California’s growing budget crisis and prison lawsuits are focusing more attention on a serious policy question: Are there better ways to reduce crime and treat criminals than by spending $36,000 in taxpayer dollars every year to lock up each low-level property and drug possession offender in state prison?
California Department of Corrections and Rehabilitation reports show the state now imprisons 30,000 offenders sentenced for non-invasion property crimes or simple drug possession, at a cost of over $1 billion per year. These nonviolent offenders are among the prime candidates for early release, especially if federal judges order California to reduce crowding and improve health care for prisoners. But even if their offenses did not threaten public safety, they’re not harmless; if released without treatment or supervision, two-thirds will be rearrested within three years, CDCR figures show.

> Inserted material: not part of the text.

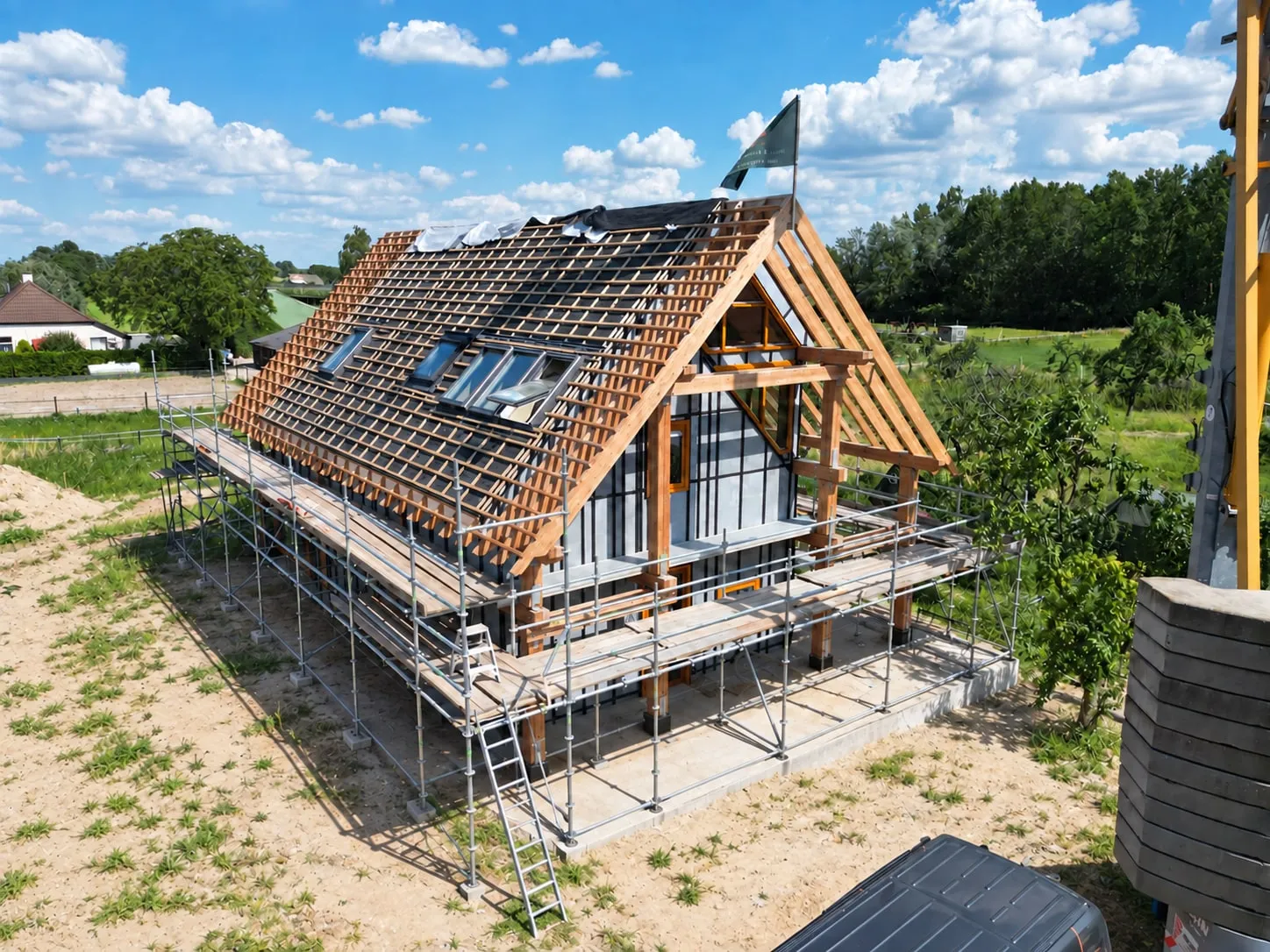 Casco woning in Ewijk in aanbouw, met de houtbouw schil en het dak op de kavel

However, the fact is that nearly all of these offenders are scheduled for release anyway. The average property offender serves 14 months and the average drug possessor less than 12 months in prison. Turning them loose a few months early to relieve prison crowding and save scarce budget bucks might even slightly reduce their odds of reoffending, since most research shows lengthy prison terms actually increase the chances of recidivism.
With early release, then, counties will be welcoming the same parolees back home, only a bit earlier than if they served their full sentences. Since local treatment and community supervision programs are much cheaper than prison and offer rehabilitative benefits to break the cycle of recidivism, the state is presented with a way to make lemonade from its budget-crisis and prison-lawsuit lemons: return a fraction of savings from early prisoner releases to fund county treatment and supervision under guidelines such as those of Proposition 36. Since we can’t just shoot miscreants or lock them up forever for stealing a car or carrying a dime bag, sooner or later California’s counties will have to deal with the parolees anyway, and it might as well be sooner.